• [Given entries]:
----

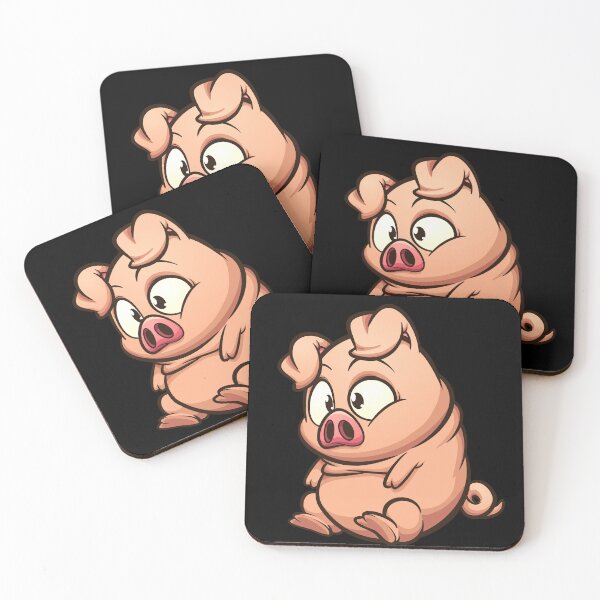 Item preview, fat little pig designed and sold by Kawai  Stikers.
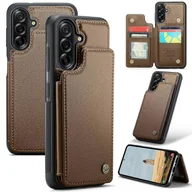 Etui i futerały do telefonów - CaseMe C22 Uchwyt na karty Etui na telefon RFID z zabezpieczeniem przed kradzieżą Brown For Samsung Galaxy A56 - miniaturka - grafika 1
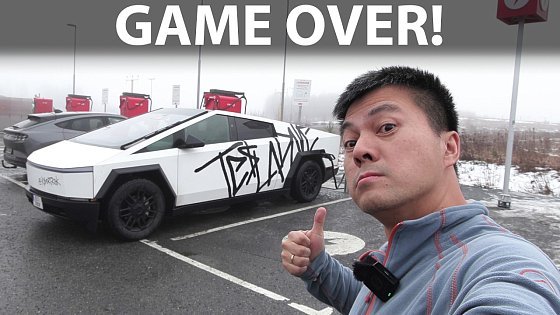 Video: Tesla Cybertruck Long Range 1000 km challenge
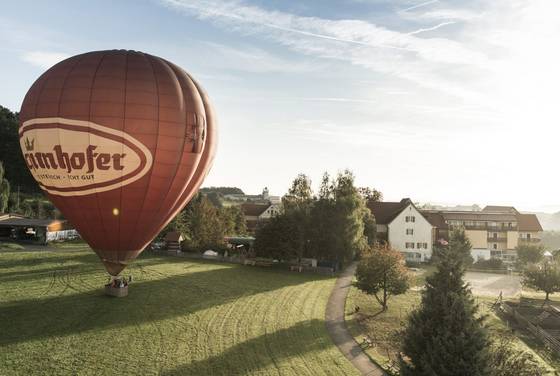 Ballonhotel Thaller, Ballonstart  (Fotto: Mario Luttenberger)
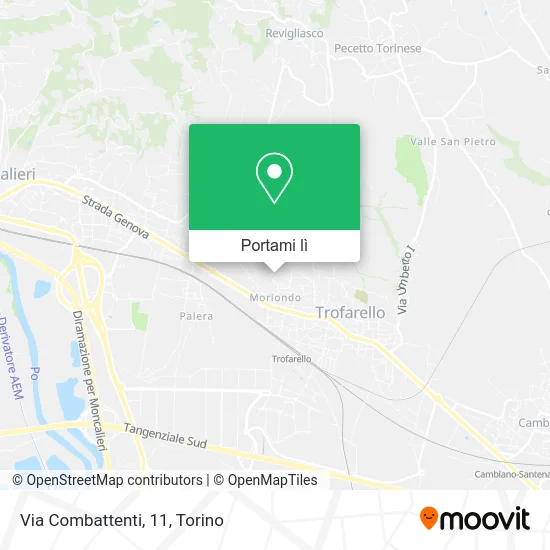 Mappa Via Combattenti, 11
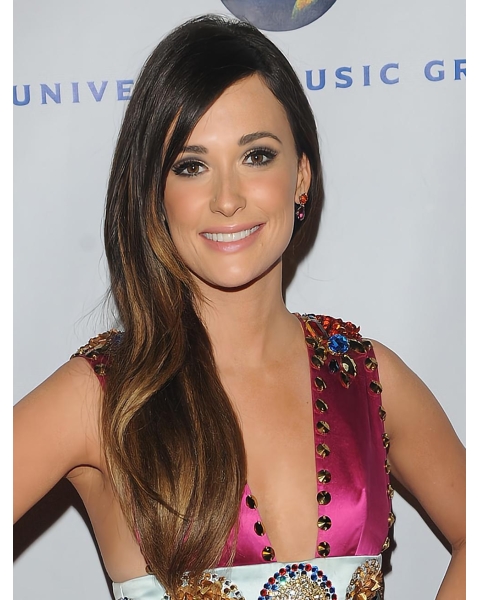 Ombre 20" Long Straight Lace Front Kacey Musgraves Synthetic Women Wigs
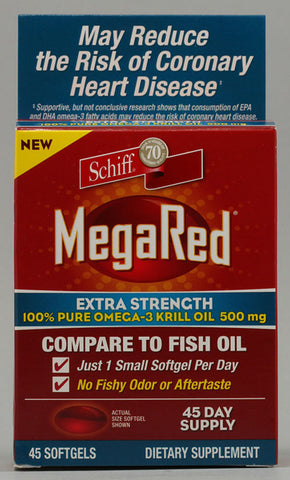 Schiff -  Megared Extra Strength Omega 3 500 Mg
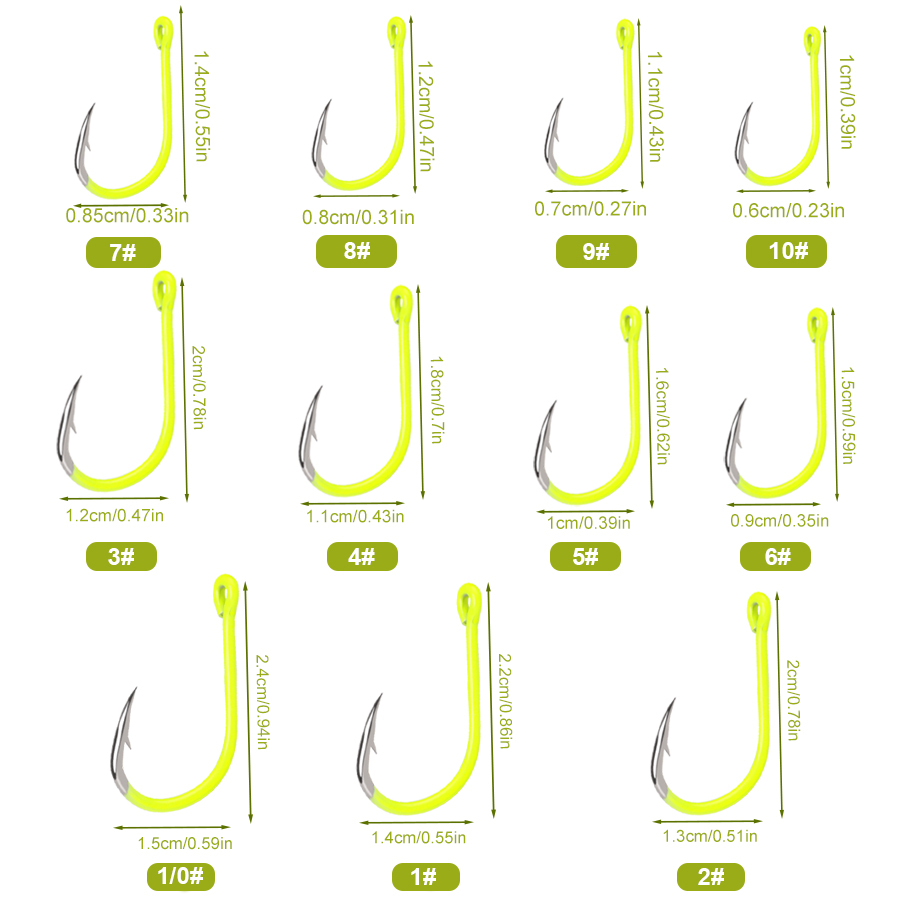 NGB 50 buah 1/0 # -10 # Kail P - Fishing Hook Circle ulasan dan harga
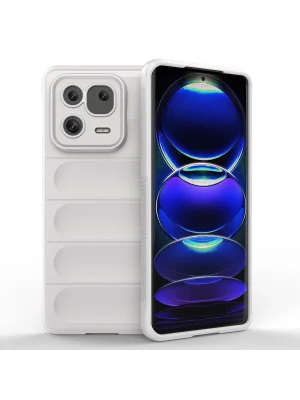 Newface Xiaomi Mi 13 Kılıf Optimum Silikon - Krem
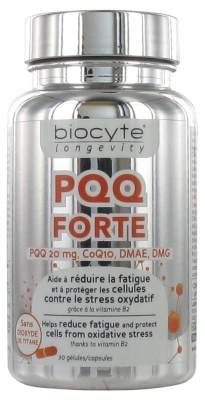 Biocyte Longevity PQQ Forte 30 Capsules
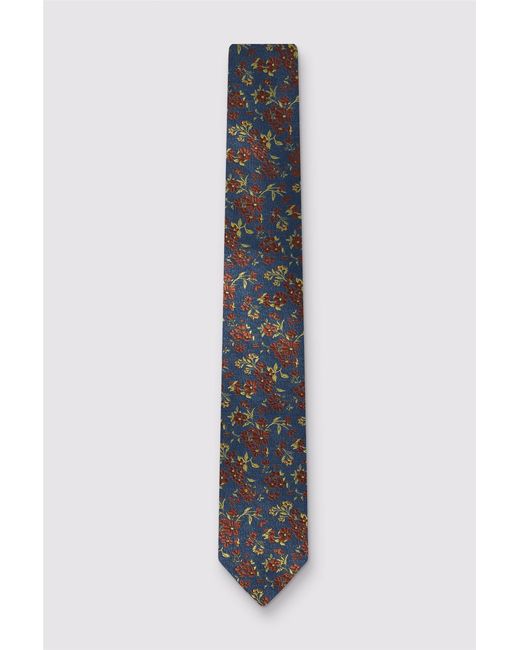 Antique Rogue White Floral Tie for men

----

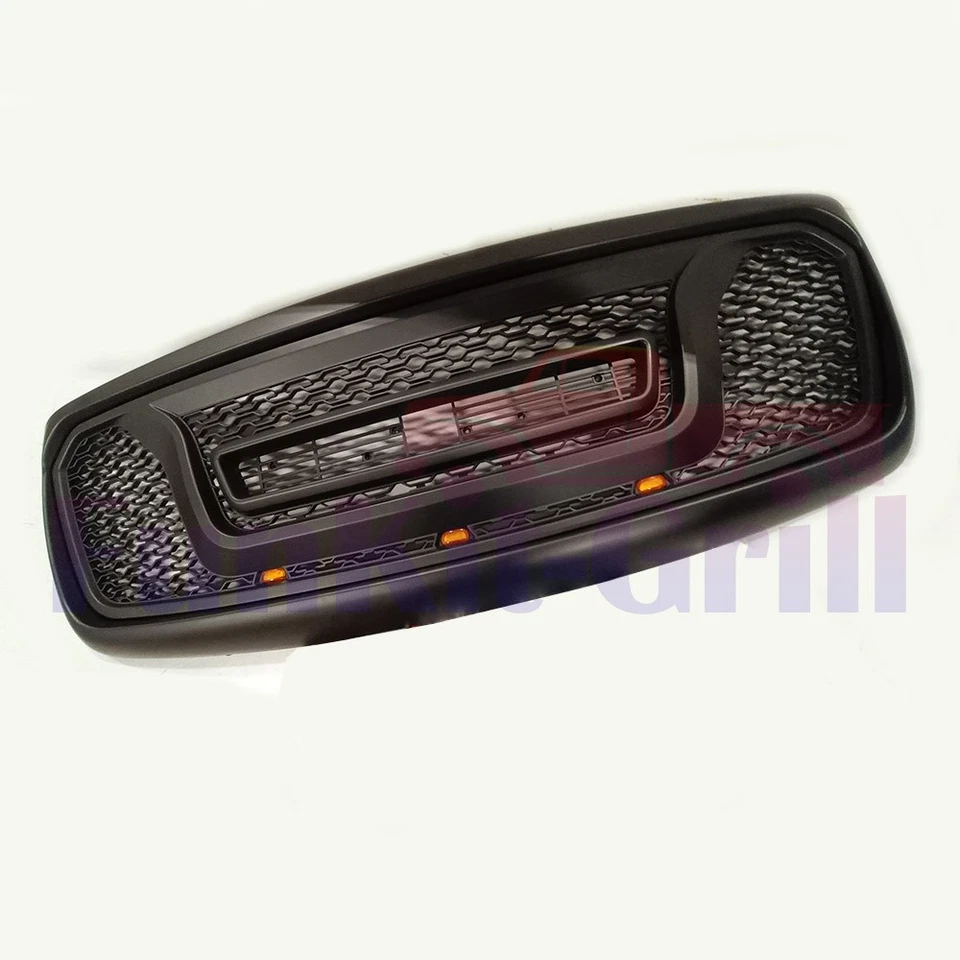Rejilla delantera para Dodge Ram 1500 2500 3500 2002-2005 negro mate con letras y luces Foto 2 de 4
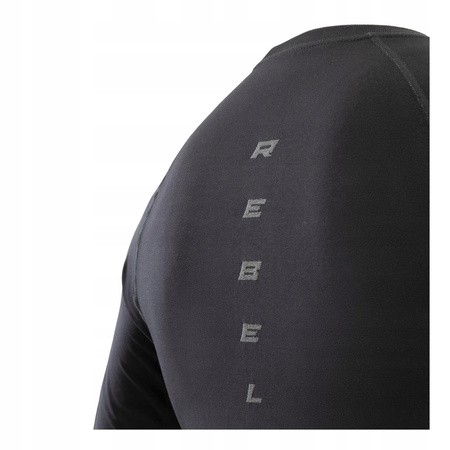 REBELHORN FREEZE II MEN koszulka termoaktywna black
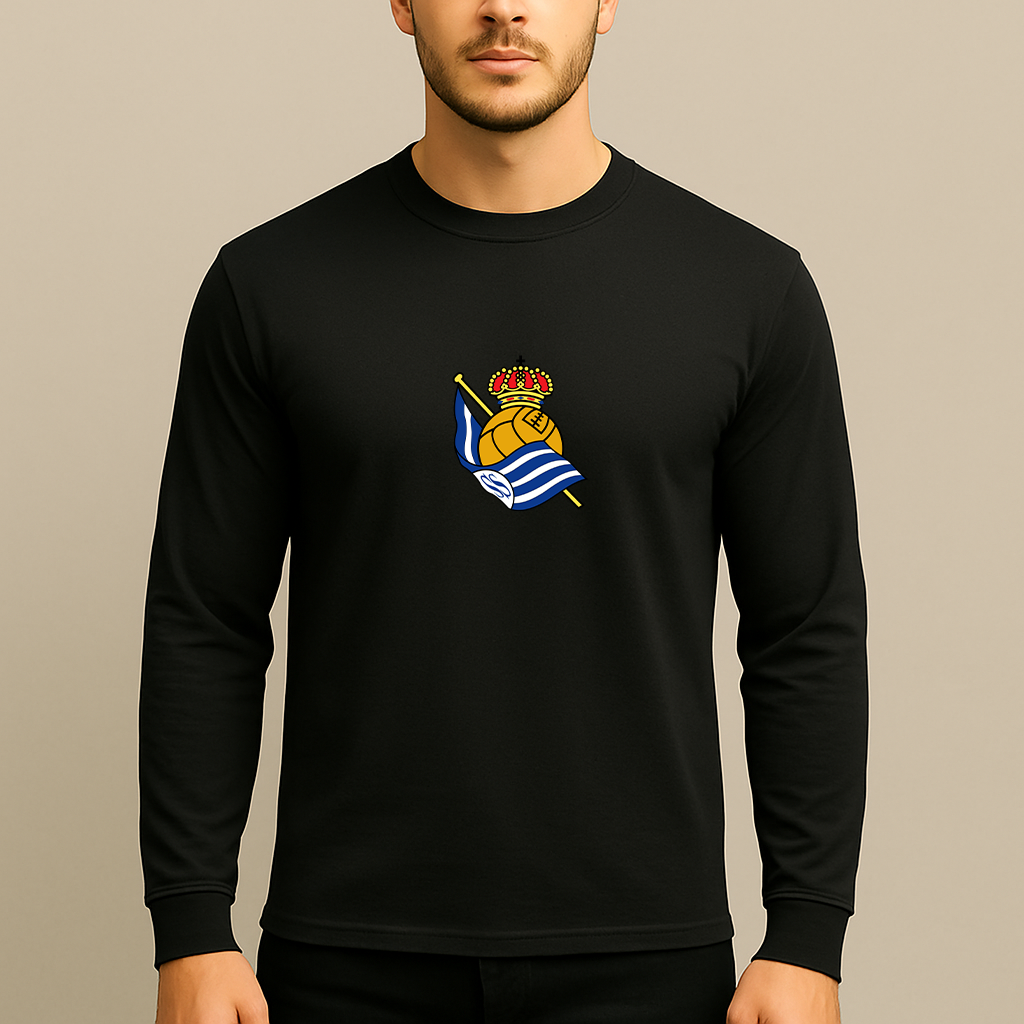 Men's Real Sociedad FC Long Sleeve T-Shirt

----

• [To do]: The answer must be the lines above from the one containing "Ballonhotel Thaller, Ballonstart" through the one containing "Antique Rogue White Floral Tie for men", reproduced exactly, with no pictures and nothing else.

• [Written answer]:
 Ballonhotel Thaller, Ballonstart  (Fotto: Mario Luttenberger)
 Mappa Via Combattenti, 11
 Ombre 20" Long Straight Lace Front Kacey Musgraves Synthetic Women Wigs
 Schiff -  Megared Extra Strength Omega 3 500 Mg
 NGB 50 buah 1/0 # -10 # Kail P - Fishing Hook Circle ulasan dan harga
 Newface Xiaomi Mi 13 Kılıf Optimum Silikon - Krem
 Biocyte Longevity PQQ Forte 30 Capsules
 Antique Rogue White Floral Tie for men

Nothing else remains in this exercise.